Wenn ich gehe, dann gehe ich

Vom Leben in der Gegenwart

Ein Vater bekam Besuch von seinem Sohn. Während der Sohn gehetzt und abgespannt wirkte, saß der Vater gemütlich vor seinem Haus und genoss das Sonnenlicht.

Da fragte der Sohn: "Vater, wie schaffst du es, immer so ruhig und ausgeglichen zu sein?". Da sagte der Vater: "Ganz einfach: Wenn ich schlafe, dann schlafe ich. Wenn ich aufstehe, dann stehe ich auf. Wenn ich esse, dann esse ich. Wenn ich gehe, dann gehe ich. Wenn ich arbeite, dann arbeite ich. Wenn ich ruhe, dann ruhe ich".

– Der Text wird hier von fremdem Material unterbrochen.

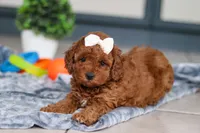 Lacy, a female Cavapoo for sale in Sugarcreek, OH – 3 of 6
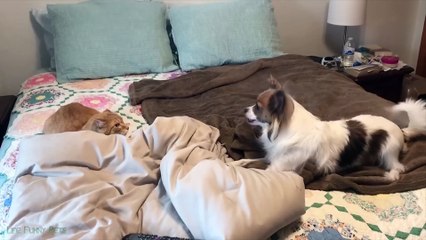 Funniest Cat Videos on the Planet  - Best Funny Animal Videos 2022 | Life Funny Pets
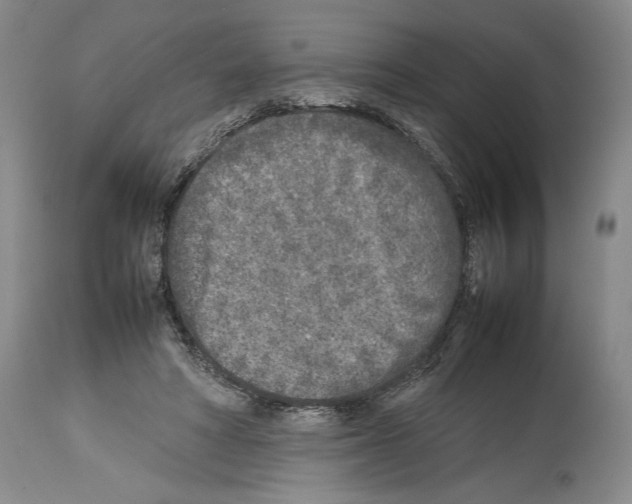 X0000113930402200911061223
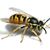 Rhonda Wright's profile image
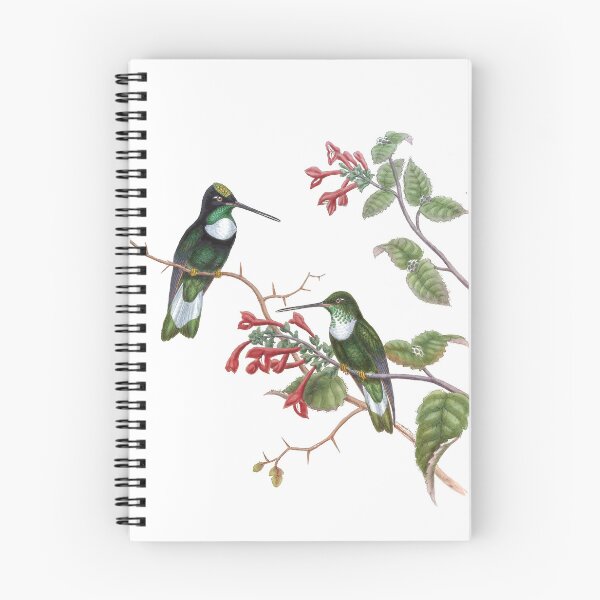 Artikelvorschau, Tschudis Inka Kolibris Vintage Aquarell von John Gould Süßes hübsches glückliches Vogelbeobachtungsgeschenk entworfen und verkauft von ElegantTeaTime.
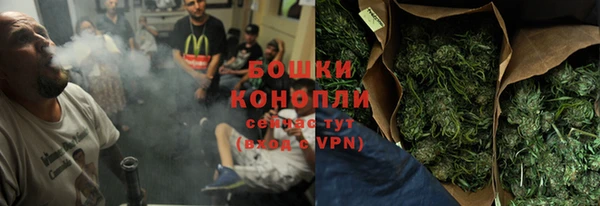 PSILOCYBIN Бронницы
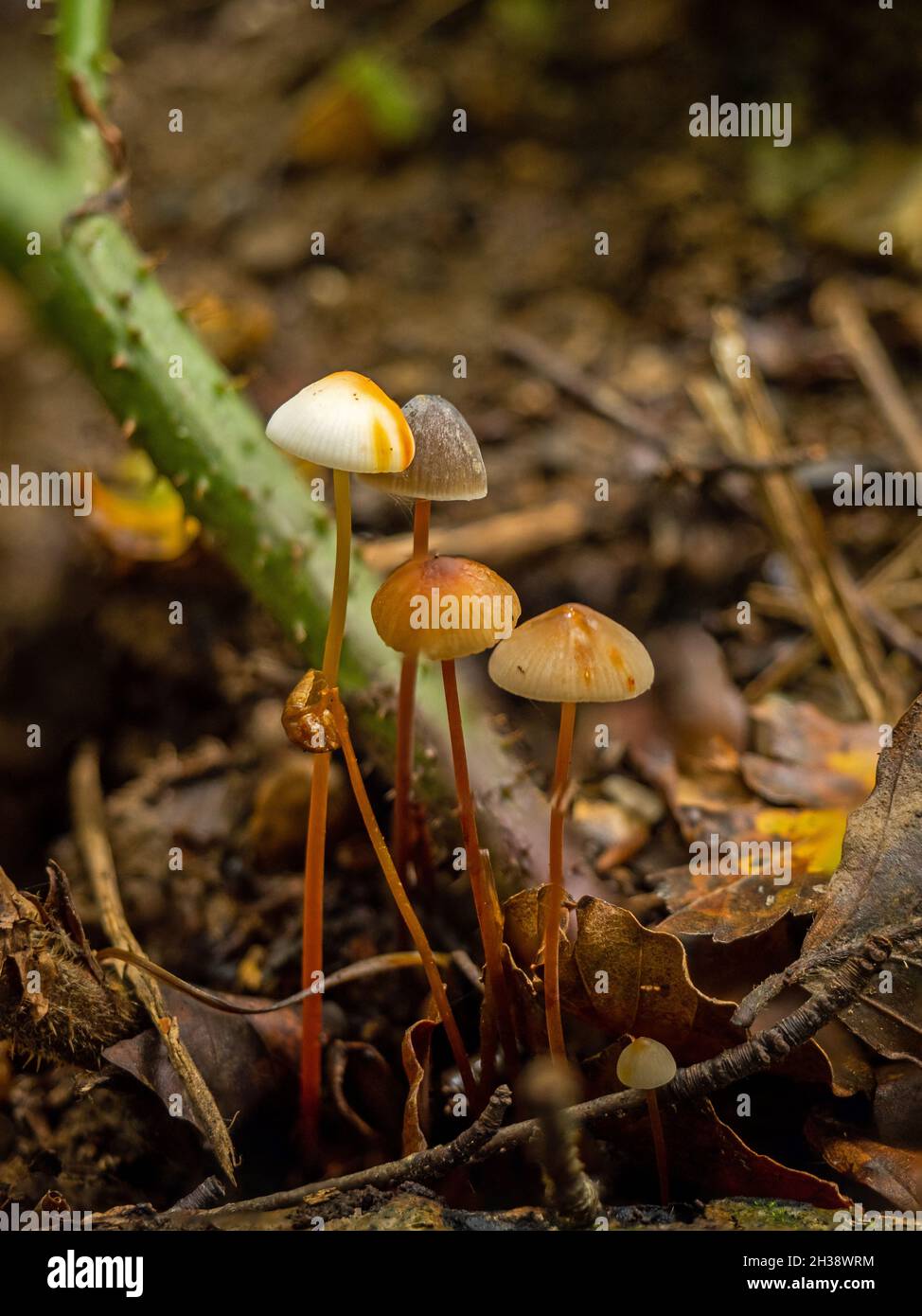 Small group of differently coloured Saffrondrop Bonnet fungi in English woodland. Stock Photo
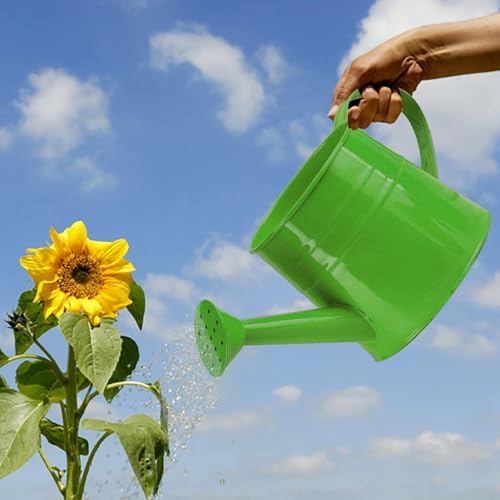 Watering Can Outdoor, 0.25 Gallon Metal Small Capacity Watering Can Indoor Plants with Sprinkler Head,Decorative Lightweight Durable Watering Cans for Garden Lawn Bonsai Greenhouse (Green) - Image 3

"Aber das mache ich doch auch!", erwiderte der Sohn. Der Vater sah ihn prüfend an und sagte dann: "Nein, du machst es anders: Wenn du schläfst, denkst du schon ans Aufstehen. Wenn du aufstehst, denkst du schon ans Essen. Wenn du isst, denkst du schon ans Gehen. Wenn du gehst, denkst du schon ans Arbeiten. Wenn du arbeitest, denkst du schon ans Ruhen. Wenn du ruhst, denkst du schon ans Schlafen".

Diese alte Geschichte aus China erscheint mir wie ein Schlüssel zum Verständnis des modernen Menschen, der von Termin zu Termin hetzt, ohne irgendwo gegenwärtig zu sein.

Der moderne Mensch lebt einerseits in der Vergangenheit. Er hadert mit seiner eigenen Geschichte und trauert seinen verpassten Chancen nach. Er überlegt sich, wie sein Leben verlaufen wäre, wenn er einen anderen Beruf erlernt oder einen anderen Partner gefunden hätte.

Der moderne Mensch lebt andererseits in der Zukunft. Er träumt davon, was er am Feierabend, am Wochenende oder im nächsten Urlaub machen will. Er überlegt sich, wie er sein Leben nach dem Hausbau, der Kindererziehung und der Pensionierung gestalten könnte.

Das alles sind – auch wenn es hart klingt – Lebenslügen. Denn der Mensch hat gar nicht die Möglichkeit, in der Vergangenheit oder in der Zukunft zu leben. Die einzige Zeit, die der Mensch nach dem Willen Gottes gestalten kann und soll, ist die Gegenwart.

Nur wer im Hier und Jetzt lebt, kann glücklich und zufrieden sein. Darum lasse ich gerne am Anfang eines Gottesdienstes das folgende Lied von Gerhard Tersteegen (1697-1769) singen: "Gott ist gegenwärtig". Und ich frage mich dabei jedes Mal: "Bin ich es auch?".